Cmic/Corg ratios of the valley (0.3–2.6%), middle slope (0.3–2.7%), and ridge (0.3–2.2%) sites were lower than that of the tropical forest (1.5–5.3%) (Luizao et al. 1992) and the tropical wet evergreen forest (4–6%) (Barbhuiya et al. 2005) and similar to the subtropical humid forests (0.7–1.7%) (Maithani et al. 1996). However, Nmic/Ntot ratios of the valley (2.0–2.6%), middle slope (1.8–2.1%), and ridge (1.5–2.0%) sites were also lower than that of the forest soils (3.4–5.9%) (Martikainen and Palojarvi 1990) and the forest regrowths (7.3–8.3%) (Maithani et al. 1996) and similar to the tropical wet evergreen forest (1.3–1.7%) (Barbhuiya et al. 2005). This indicates low C and N immobilization as microbial biomass in Fushan forest soils. The dynamic nature of C and N circulation of forest floor and microbial populations is very important in nutrient conservation and regeneration in Fushan forest. Soil moisture had a strong influence on soil properties, and the dynamics of Cmic and Nmic. Similar relationship, i.e., a positive correlation (R > 0.74 and significant at P < 0.001) between moisture content and Cmic and Nmic was reported from the subtropical humid forest of northeast India (Arunachalam and Arunachalam 2000).

The 16S rDNA-DGGE analysis can be used to study changes in the structure of the microbial community (Fritze et al. 2000). The 16S rDNA-DGGE analysis showed the structure of the microbial community changed with increasing soil depth (Fig. 4). Comparatively more bands were observed in ridge soil DGGE profiles, implying higher diversity of the bacterial population. DGGE analysis had very complex banding patterns in the upper horizons, indicating a high diversity and density of microorganisms in contrast to less diversity in the deeper horizons. Numerically dominant bacterial types in the upper layers (bands with high intensity) gradually decrease through the deeper horizons, and a few bacterial types prefer the deeper regions and exist in large numbers (high-intensity bands appeared in the BW2 and BC horizons of the middle slope), which may not be numerically dominant in the upper layers (Fig. 4). Cluster analysis of bacterial DGGE banding patterns in the three tested sites resulted in two groups: (1) middle slope and (2) ridge and valley samples (Fig. 5). Within each group, different layers, especially OA-A, formed different groups, suggesting that the microbial community in the deeper horizons (BW1-BW2-BC horizons) was not simply the diluted analogs of the surface soils and that some microbes dominate only in the deeper horizons. These results indicate that topography influenced both microbial populations and bacterial diversity.

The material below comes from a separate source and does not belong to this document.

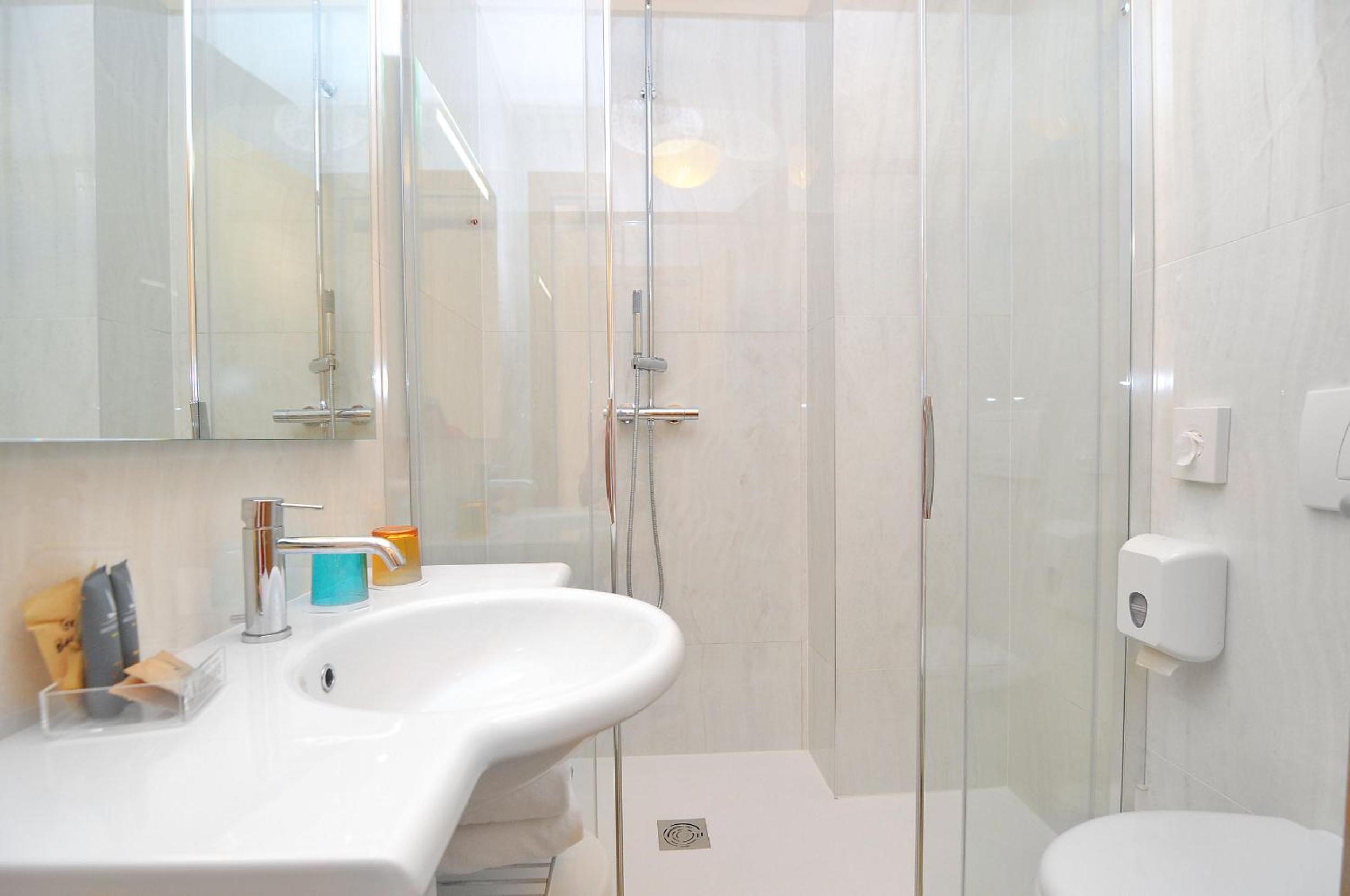 Superior Double or Twin Room with Balcony - Photo 5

In conclusion, the valley site had the lowest microbial populations (microbial biomass) among the three tested sites due to the low organic matter content, and these populations decreased with soil depth. The PCR-DGGE community profiles of three tested sites were very similar to each other in the major bands, and the variation was in the minor bands only. However, the pattern through gradient profiles was different, indicating the prevalence of specific microbes at different horizons. Topography influenced the quantity and diversity of microbial populations.